Try it: Please set down each line of the data again, unchanged.

Supplied data:

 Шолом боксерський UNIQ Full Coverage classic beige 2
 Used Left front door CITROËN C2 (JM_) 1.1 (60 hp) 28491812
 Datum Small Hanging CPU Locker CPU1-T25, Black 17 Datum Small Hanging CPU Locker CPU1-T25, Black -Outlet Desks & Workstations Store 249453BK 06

Solution for this problem:
 Шолом боксерський UNIQ Full Coverage classic beige 2
 Used Left front door CITROËN C2 (JM_) 1.1 (60 hp) 28491812
 Datum Small Hanging CPU Locker CPU1-T25, Black 17 Datum Small Hanging CPU Locker CPU1-T25, Black -Outlet Desks & Workstations Store 249453BK 06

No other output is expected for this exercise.